Given directed and labeled multi-graphs as $G=(V,\varepsilon,R)$ with nodes $v_i \in V$ and labeled edges $(v_i,r,v_j)\in \varepsilon$, where $r\in R$ is a relation type.

In a relational multi-graph, R-GCNs calculates the forward-pass update of a node $v_i$ as: $h_i^{l+1}=\sigma (\sum_{r \in R} \sum_{j \in N_i^r} \frac{1}{c_{i,r}} W_r^{(l)}h_j^{(l)} + W_0^{(l)}h_0^{(l)})$ (1)

where $h_i^{l} \in \mathbb{R} ^{d^{(l)}}$ is the hidden state of node $v_i$ in the l-th layer with $d^{(l)}$ being the dimensionality of this layer’s representations. $N_i^r$ denotes the neighbors of $v_i$ under relation $r \in R$. $c_{i,r}$ is a normalization constant which can be learned or chosen in advance(e.g. $c_{i,r}=|N_i^r|$). $\sigma$ is an element-wise activation function(e.g. ReLU).
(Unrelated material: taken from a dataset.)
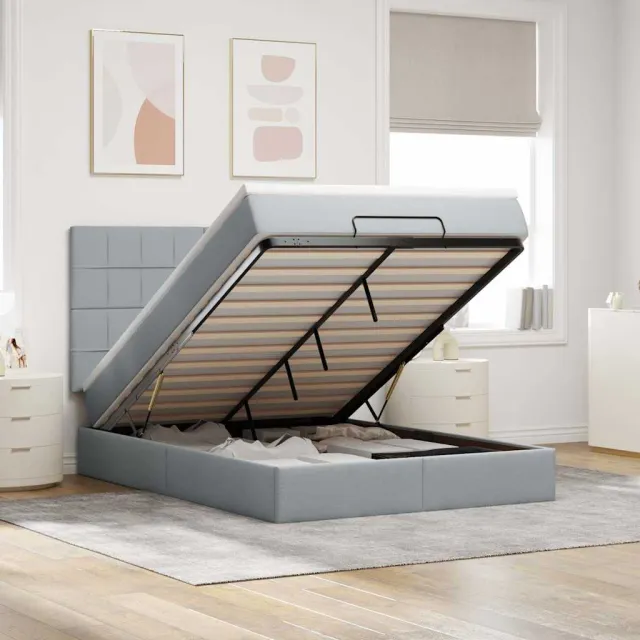 vidaXL Ottoman bed met matras 140x190cm stof lichtgrijs grijs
From equation (1) we can see that the number of parameters grows with the number of relations in the graph, which can lead to overfitting on are relations and models of very large size. To overcome this issue, two regularization methods are proposed:

• basis decomposition: each $W_r^{l}$ is defined as $W_r^{l}= \sum_{b=1}^{B} a_{rb}^{(l)}V_b^{(l)}$. It can be seen as a form of weight sharing between different relation types.
• block-diagonal decomposition: each $W_r^{l}$ is defined as through the direct sum over a set of low-dimensional matrices: $W_r^{l} = \oplus_{b=1}^B Q_{br}^{l}$. Thereby, $W_r^{l}$ are block-diagonal matrices $W_r^{l}=diag(Q_{1r}^{l},...,Q_{1B}^{l})$ with $Q_{br}^{l} \in \mathbb{R} ^{(d^{l+1}/B) \times (d^{l}/B)}$. It can be seen as a sparsity constraint on the weight matrices for each relation type.

## 2. Applications

• Entity classification (node classification)

Simply stacking R-GCN layers in equation (1), with a softmax activation(per node) on the output of the last layer, then minimizing the following cross-entropy loss on all labeled nodes(ignoring unlabeled nodes): $\mathcal{L} = - \sum_{i \in \mathcal{Y}} \sum_{k=1}^K t_{ik}ln h_{ik}^{(L)}$

where $\mathcal{Y}$ is the set of node indices that have labels and $h_{ik}^{(L)}$ is the k-th entry of the network output for the i-th labeled node. $t_{ik}$ denotes ground truth label. In practice, full-batch gradient descent is used to train the model. $\mathcal{L}=- \frac{1}{(1+w|\hat{\varepsilon}|)} \sum_{(s,r,o,y) \in \mathcal{T}} y log l(f(s,r,o)) + (1-y)log(1-l(f(s,r,o)))$
where $\hat{\varepsilon}$ is the given incomplete subset edges, $\mathcal{T}$ is the total set of real and corrupted triples, $l$ is the logistic sigmoid function, $y$ is an indicator set to $y=1$ for positive triples and $y=0$ for negative ones.